Mais dans l’intervalle, des milliers de policiers étaient de fait écartés des bénéfices de l’ASA. Jusqu’à ce qu’une fonctionnaire de police de Dreux (Eure-et-Loir) attaque l’arrêté interministériel de 2001 devant le Conseil d’Etat et obtienne gain de cause en 2011. La plus haute juridiction administrative a jugé l’arrêté illégal en considérant qu’il commettait une "erreur de droit" en introduisant une rupture d’égalité.

Depuis, des milliers de fonctionnaires de police, bien aidés par les syndicats de police et en particulier Alliance, se sont engouffrés dans la jurisprudence du Conseil d’Etat en attaquant, eux-aussi, l’arrêté de 2001. Ils réclament au passage que leur situation soit analysée rétrospectivement. Les tribunaux administratifs n’ont d’autre choix que de leur donner raison. Les condamnations contre l’Etat pleuvent.

Plus de 100 millions d’euros
L’Etat a inscrit ce contentieux dans son budget en 2012 avec un passif de 95 millions d’euros. Mais "une partie des sommes initialement budgétées en 2012 pour cette régularisation a servi au paiement d’heures supplémentaires", s’étonne la Cour des comptes dans son analyse de l’exécution du budget de l’Etat. En 2013, c’est 18 millions d’euros qui ont été programmés pour régulariser l’ASA et près de 19 millions pour 2014.

Mais le passif reste difficile à mesurer tant les procédures se multiplient devant les tribunaux. "Aujourd’hui, la négociation sur ce dossier est difficile avec le ministère de l’Intérieur. Nous avons des menaces. Le ministère nous demande par exemple de cesser les contentieux sinon il risque de modifier  les critères de bénéfices de l’ASA. C’est un chantage. Dans mon cas personnel, l’ASA représente 38 mois de salaires !", s’étrangle Laurent Nouvel, le secrétaire départemental du syndicat de police Alliance dans le Rhône.

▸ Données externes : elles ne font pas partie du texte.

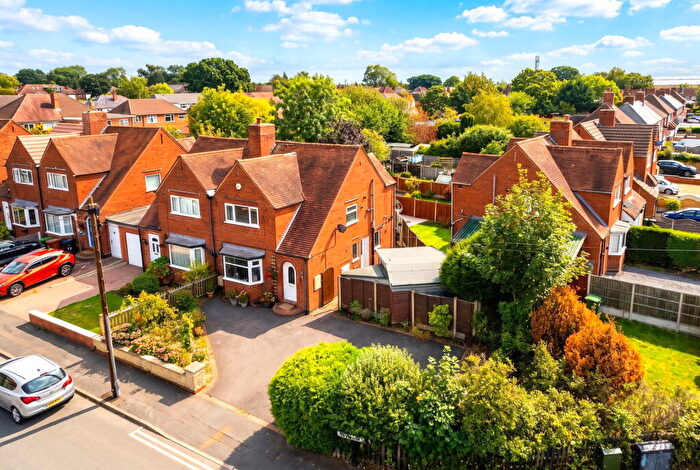 2 Bedroom Semi Detached House For Sale In Avon Road, Shirley, B90
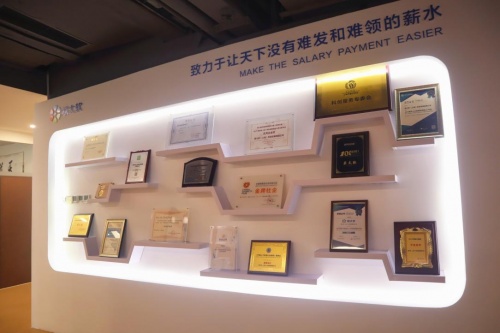 校企聯(lián)動(dòng)，上海大學(xué)MBA中心攜手薪太軟共育人力資本專業(yè)人才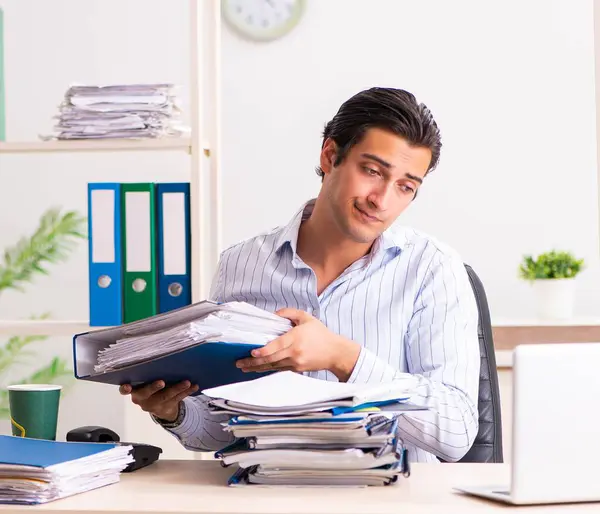 Junge Mitarbeiterin sitzt im Büro — Stockfoto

Un magistrat sous couvert d’anonymat s’agace de l’inertie de l’Etat sur cette question. "Nous n’avions pas besoin d’une inflation de notre contentieux. On ne peut plus faire face. Les dossiers à traiter deviennent trop nombreux. D’autant que ces procédures naissent qu’en raison d’un dysfonctionnement de l’administration. Lorsqu’une administration fonctionne bien et qu’elle rencontre un problème, elle le règle. Or, là, les années passent et le problème demeure. Juridiquement, c’est imparable pour les policiers mais les cours administratives n’auraient jamais dû connaître ces dossiers".

Nouvelle carte des zones difficiles ?
Le ministère de l’Intérieur qui n’a pas répondu à nos sollicitations s’est toutefois engagé à réformer l’arrêté qui ne fixait les quartiers difficiles qu’à Paris et Versailles.

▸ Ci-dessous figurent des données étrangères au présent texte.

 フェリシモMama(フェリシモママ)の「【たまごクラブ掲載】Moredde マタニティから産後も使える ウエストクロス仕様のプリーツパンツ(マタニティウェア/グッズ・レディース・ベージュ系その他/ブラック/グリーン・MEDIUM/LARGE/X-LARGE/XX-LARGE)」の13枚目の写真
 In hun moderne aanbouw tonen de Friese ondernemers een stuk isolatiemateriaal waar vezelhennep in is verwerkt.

En réponse à une question de Jean-Pierre Grand, sénateur Les Républicains de l’Hérault, Beauvau explique "procéder à des analyses statistiques fines de manière à répondre aux exigences législatives et réglementaires sur la base de critères objectifs. Il s'agit d'un exercice long et complexe, qui suppose de recenser au préalable, sur plusieurs années, sur l'ensemble du territoire national et pour l'ensemble des directions de la police nationale des données relatives aux différentes formes de délinquance. Ce n'est qu'à partir de ce nouvel arrêté que pourra être réexaminée, le cas échéant, la situation des agents en fonction de leur lieu d'affectation".

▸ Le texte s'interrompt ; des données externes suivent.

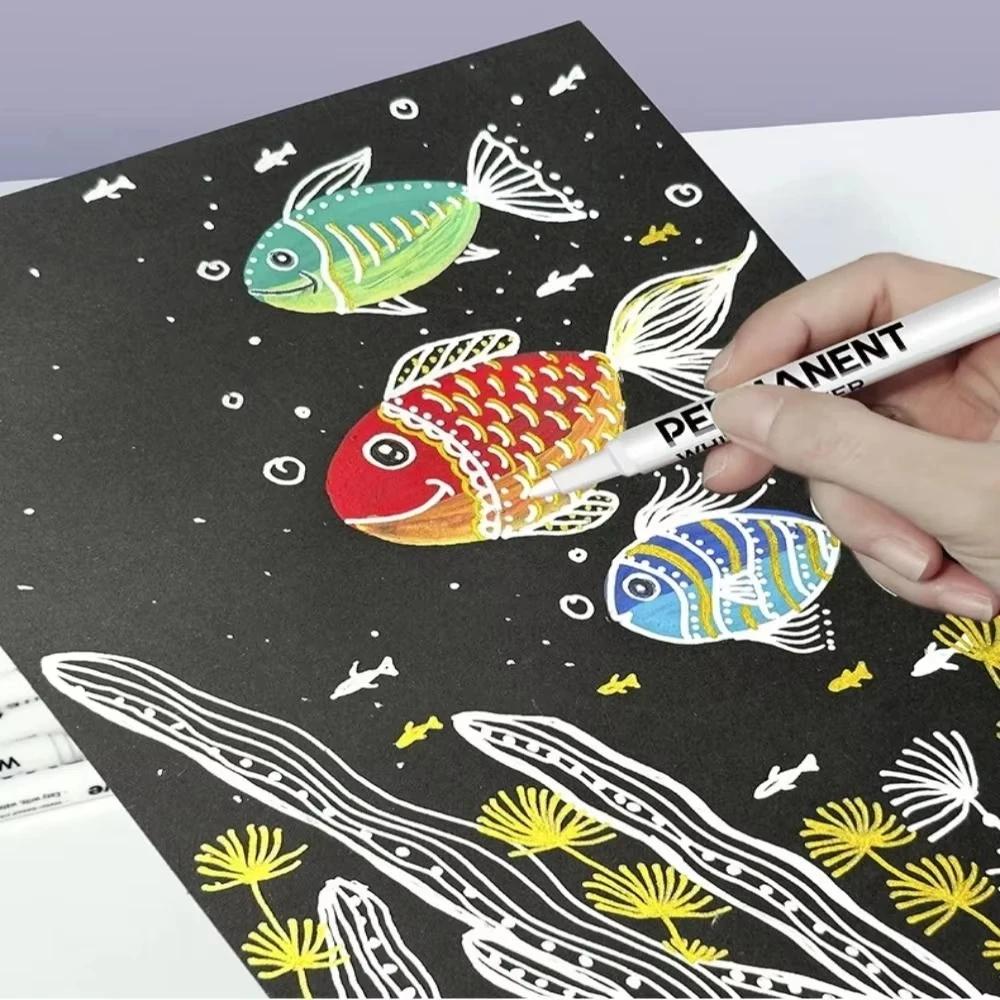3本または6本セットの、水性で白いペン。細いペン先で、油性の - Copic Marker Classic のレビューと価格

En creux de cette novlangue bureaucratique, il faut comprendre que le ministère de l’Intérieur s’est engagé à définir une nouvelle cartographie des quartiers sensibles. Faut-il espérer que ce travail ait pour aiguillon la réalité du terrain plutôt que les sommes qui seront à verser aux fonctionnaires de la police nationale.